Even prior to the COVID-19 crisis, young, playful, digitally-saturated global citizens were giving beauty a massive grassroots reboot. Beauty takes like ‘crystal eye makeup’, ‘rockstar girlfriend’, ‘indie sleeze’ and ‘euphoria’ were enjoying favour among the makeup communities of TikTok and Youtube, but even moreso now.
Unconventional beauty that rejected traditional beauty representations and embraced gender fluidity was in, spawned from an ever-agitated melting pot of social media imagery and multicultural influence, according to Kimberly Howard, semiotics director and trends expert at research agency Verve.
People are owning ‘conventionally unattractive signs of beauty’
“It’s a really interesting shift we identified of unconventional beauty being beauty,” Howard told CosmeticsDesign-Europe, especially when viewed through a semiotic lens.
SEMIOTICS
Semiotics, also known as semiology, is the systematic study of signs and sign-using behaviour and investigation into how meaning is created and communicated as a result.
The field centres on the science of interpreting meaning from signs existing within paradigms or realms, such as beauty.
Swiss linguist Ferdinand de Saussure, one of its founders, described it as the study of ‘the life of signs within society’.
“Semiotics reveals how a code represents a particular manifestation of a certain meaning within it,” Howard explained. “So, brands like (New York City-based) Milk Makeup, for example, they have featured models with shaved heads or no eyebrows; intentionally quite crude and messy makeup with sometimes gerning facial expressions. Or models wearing alien masks.
“It all just showcases how stereotypical depictions of beauty are shifting. There's a subcategory of people kind of owning conventionally unattractive signs of beauty, and it being celebrated. So that was a really nice semiotic shift we identified.”
Gender, beauty and mental health merge
Howard said within this shift, traditional gender-focused marketing was also under serious renovation as many brands pivoted to meet the demands of more gender-fluid times, amid greater heed being paid to mental health.
“The distinctions between male and female are obviously blurring – people don’t want to be forced into a particular idea determined by society or culture. They’re considering what is being dictated to them by the world versus what they are feeling.”
Industry could tap into this “middle ground” with products that catered to both men and women, offering “minimalistic design” that wasn’t necessarily “gender-coded”, she said.
“The mental health movement fits in here too as people reflect on the mental health impacts of adhering to all these beauty standards, particularly for Gen Z who are seeking to be much kinder to themselves,” she said.
Escape mechanism – the lipstick effect
And in fraught times defined by social, economic and environmental insecurities post-pandemic, Howard said the role of beauty rituals as a positive form of escapism had gained fresh importance.

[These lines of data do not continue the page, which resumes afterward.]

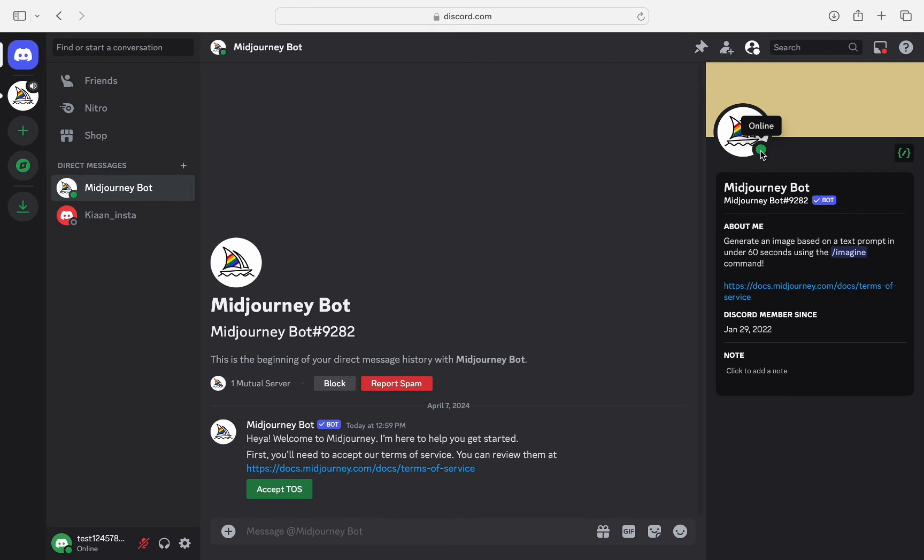Usually, when you click their profile, you can head over to the little icon that shows what status they have. For example,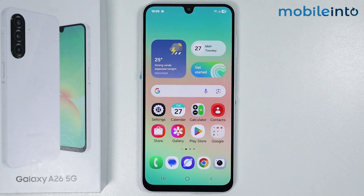Hey, what's up guys. In this video we will see how to set up a custom ringtone on the Samsung Galaxy A26.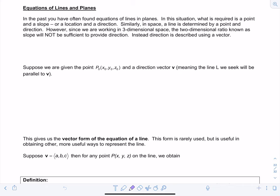Welcome to Calculus 3 video lecture number 5: equations of lines and planes. In the past you found equations of lines in a plane, and what was required was a point and a slope. Start thinking of those quantities more generically: a point is a location and the slope gave you the direction. Similarly, in space a line is determined by a point and a direction, but in three-dimensional space the two-dimensional ratio known as slope is not sufficient to provide direction.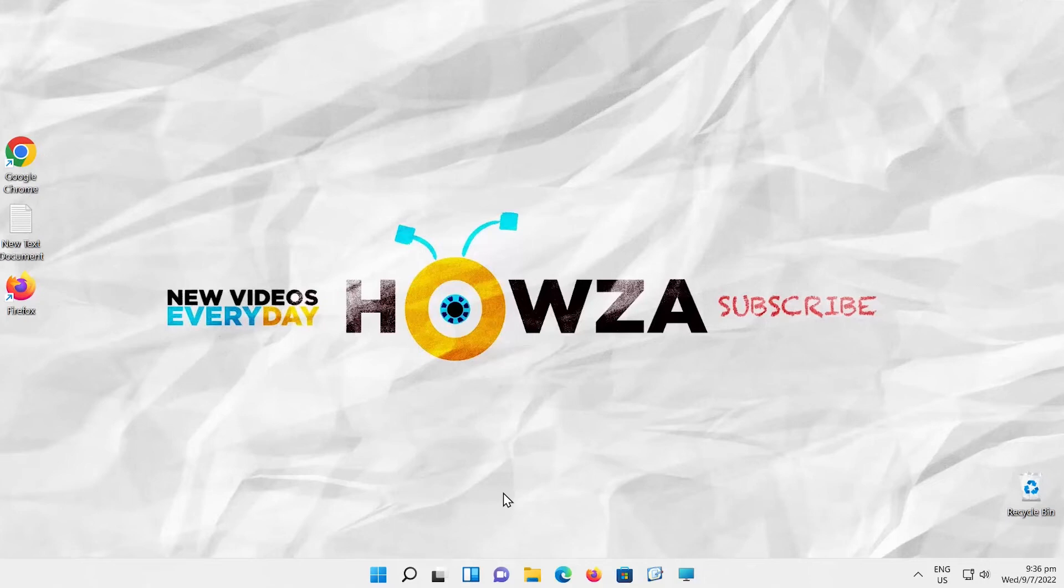Hey! Welcome to How's the Channel! In today's lesson, you learned how to find large files in Windows 11.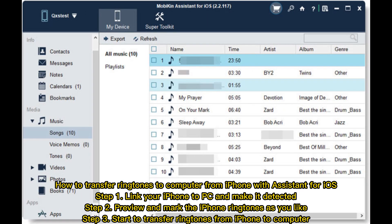How to transfer ringtones to computer from iPhone with Assistant for iOS. Step 1: Link your iPhone to PC and make it detected. Step 2: Preview and mark the iPhone ringtones as you like. Step 3: Start to transfer ringtones from iPhone to computer.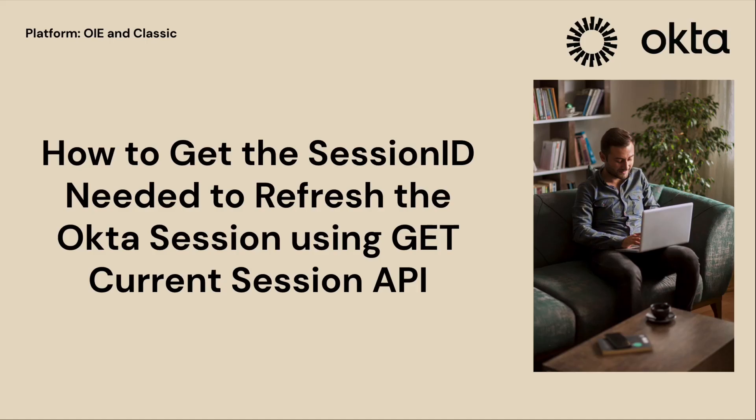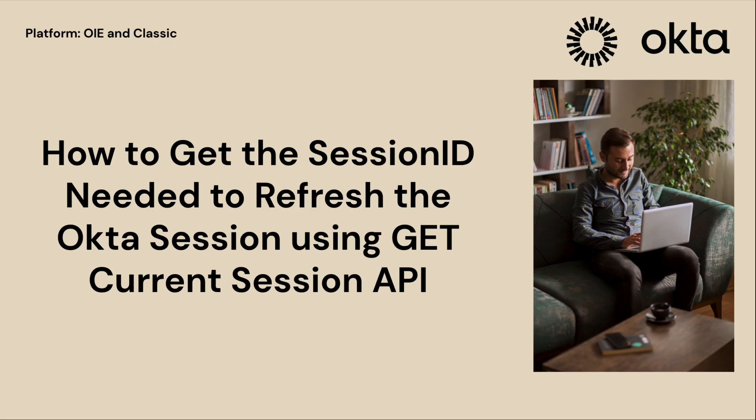Welcome to this Okta support video on how to get the session ID needed to refresh the Okta session using the GET Current Session API. In this video, we will provide step-by-step instructions on how to use Postman to retrieve the current session information for a user in Okta.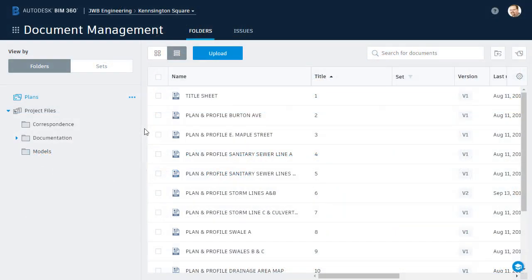As you can see, I've got Docs open and I'm in a project called Kensington Square. If you remember, one of the Kensington Square stakeholders is named Morty Hackett. Morty's going to be creating some visualizations for this project. I would like to send Morty a couple Civil 3D drawings to help him put together his renderings.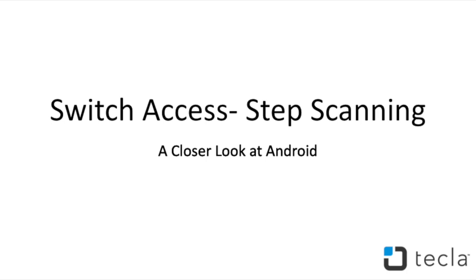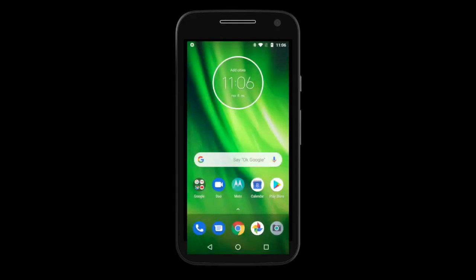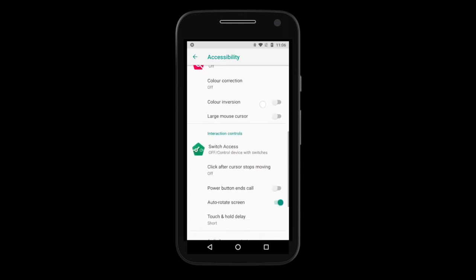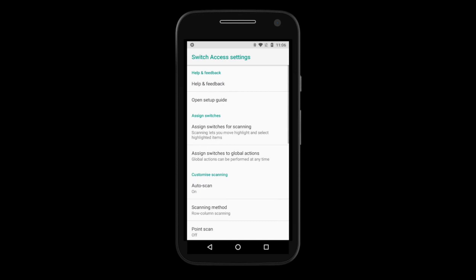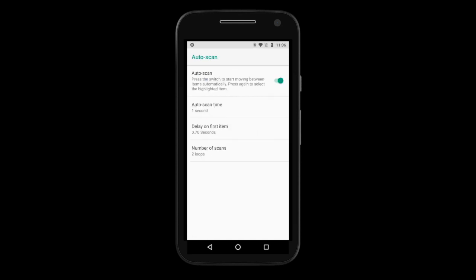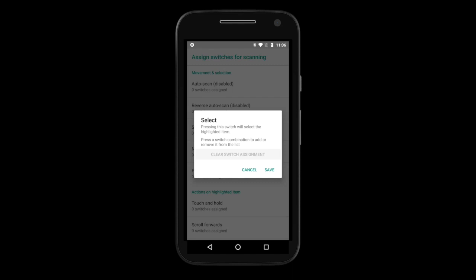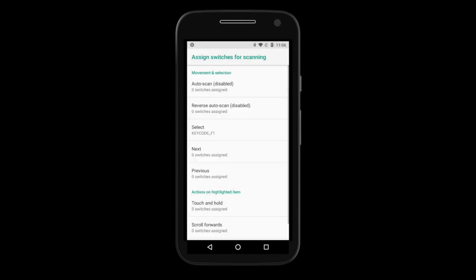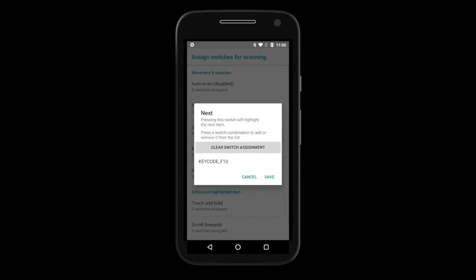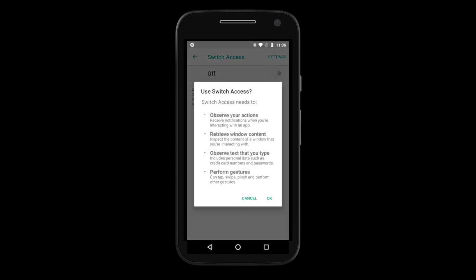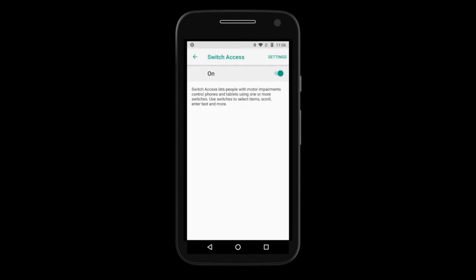Second, let's discuss step scanning. To begin, go to Settings, Accessibility, then Switch Access. Next, move into Switch Access Settings. We need to make sure Autoscan is off — tap Autoscan and disable it if it is on. We can now assign the switches connected to Tecla E. Go to Assign Switches for scanning. In the next screen, press the switch you'll use to select. Once the switch press is registered, tap on Save. You can go back to the Switch Access main page and enable Switch Access. Once you activate it, you will see a menu button at the top of the screen and elements will be scanned when you press the switch assigned to next.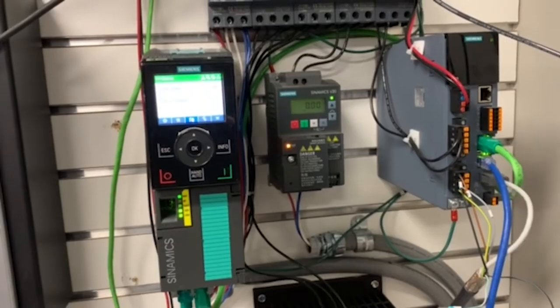Today we're going to be going over the Siemens G120 drive with the smart access module. With this module, we'll be able to use our cell phone, laptop, tablet, anything with a wireless signal to commission a drive, use it for diagnostics, and get control of the drive.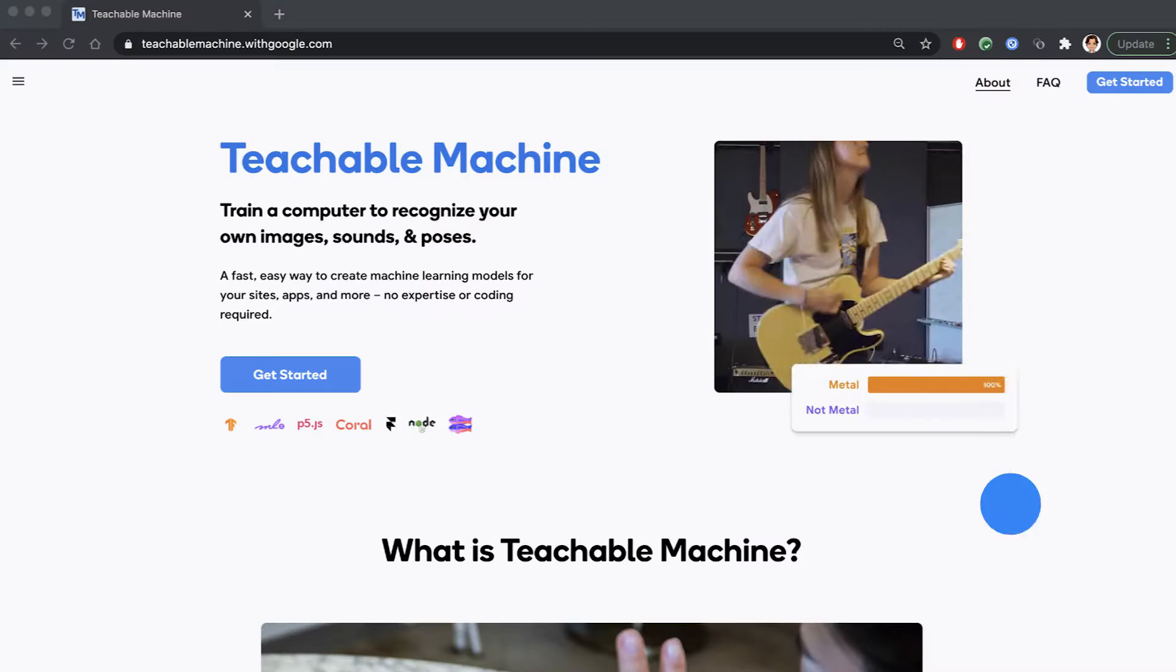Welcome to AI Adventures, where we explore the art, science, and tools of machine learning. And today, I'm going to show you how to train a sound classifier with absolutely no code.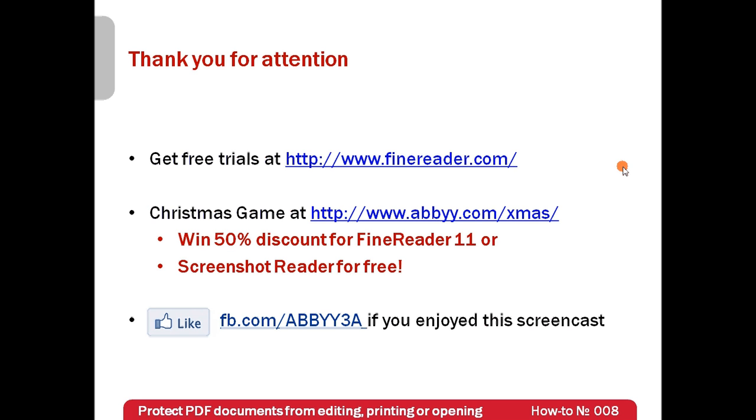Thank you very much for your attention. And if you have enjoyed this screencast, please like our Facebook page, which is available at facebook.com/ABBYY3A.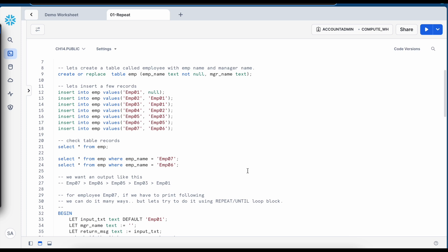However, here in this demo, we will solve this simple hypothetical scenario using repeat loop to understand how the repeat loop syntax looks like and how does it function. If you look into the repeat loop construct, it resembles the do while loop from our programming world.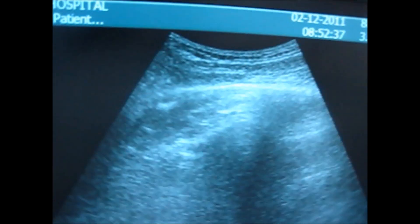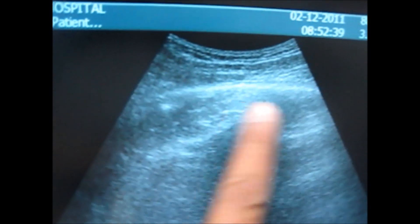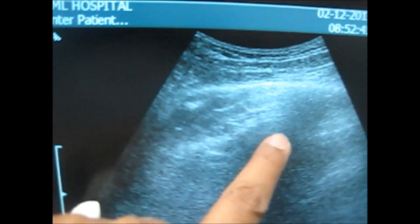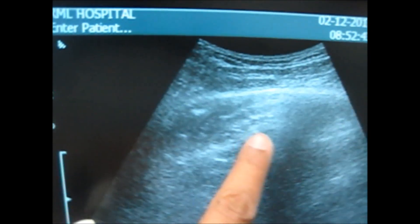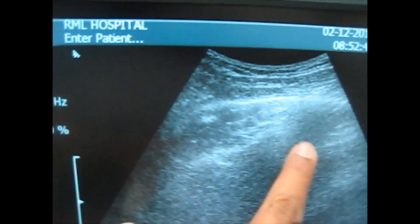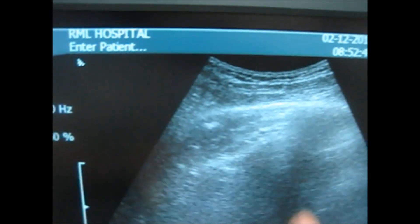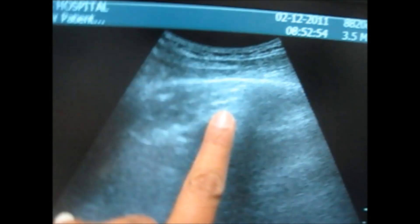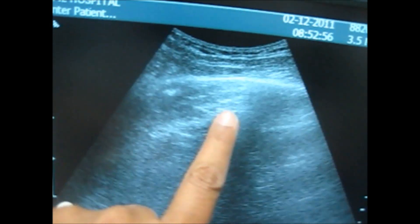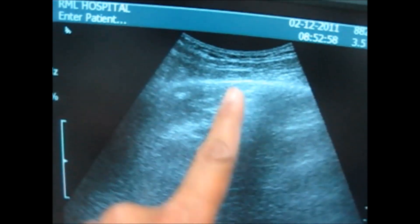For the thorax view, you have to look at the 3rd and 4th intercostal space in the mid-clavicular line. These are the two ribs that define that intercostal space.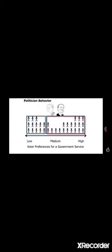So what does the guy on the left do? The guy says, I will provide this level of government service. And now what happens?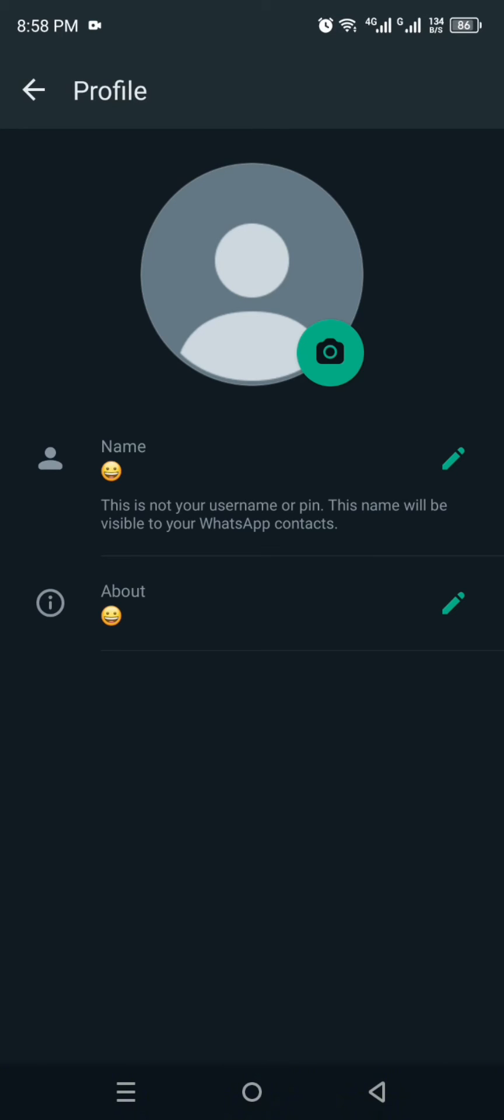But first you have to make sure that you have a good internet connection, and also the picture you're going to upload is in the highest quality. If you upload a picture that is already in bad quality, once you upload it it will definitely be into bad quality.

“Beauty is definitely a form of escapism,” she said. “People look forward to it when they're going out at the weekend – that whole process of getting your makeup brushes out – and we have access to so many tools now with different types of brushes and big all-in-one kits that are quite affordable. We can enjoy that process of choosing the brush, choosing our colours, colour palettes, and making ourselves feel better.”
And whilst many beauty-from-within products contained ingredients linked with mood improvement, she said beauty rituals themselves were inherently mood-boosting.
“The lipstick effect is powerful – buying ourselves nice things in order to make us feel better,” the Manchester-based analyst said. “But then there’s also escapism in the sense of going into a cosmetics store, an immersive environment, to quite literally escape from reality. And sometimes escape their own identities as well to become somebody else or try out a new identity for a while.”
Rethinking beauty retail
And beauty brands and retailers were rapidly shifting gears to keep up and stay relevant with playfulness and variety moving front-and-centre in the beauty world, Howard said.
“You have large, traditional retailers like Selfridges in the UK increasingly stocking more niche beauty products, and it's very much a minimalistic space where there's small counters for each niche beauty area,” she said.
“And brands like (California-based) Kylie Cosmetics have these pink drips everywhere and it feels quite playful and experimental and almost like a surreal universe in comparison to your conventional beauty counters. That’s something that's growing and perhaps being pushed by the online world.”
And this all aligned well with trends seen on TikTok, where the makeup community was celebrating things like glitter and 1980s nostalgia amidst the popularity of Stranger Things on Netflix, she said – trends that demonstrated exactly how this generation was being influenced in makeup.
Howard said beauty retail would have to continue to become “much more experimental” moving forward. Stores were set to become “much more exciting places for consumers to explore”, she said.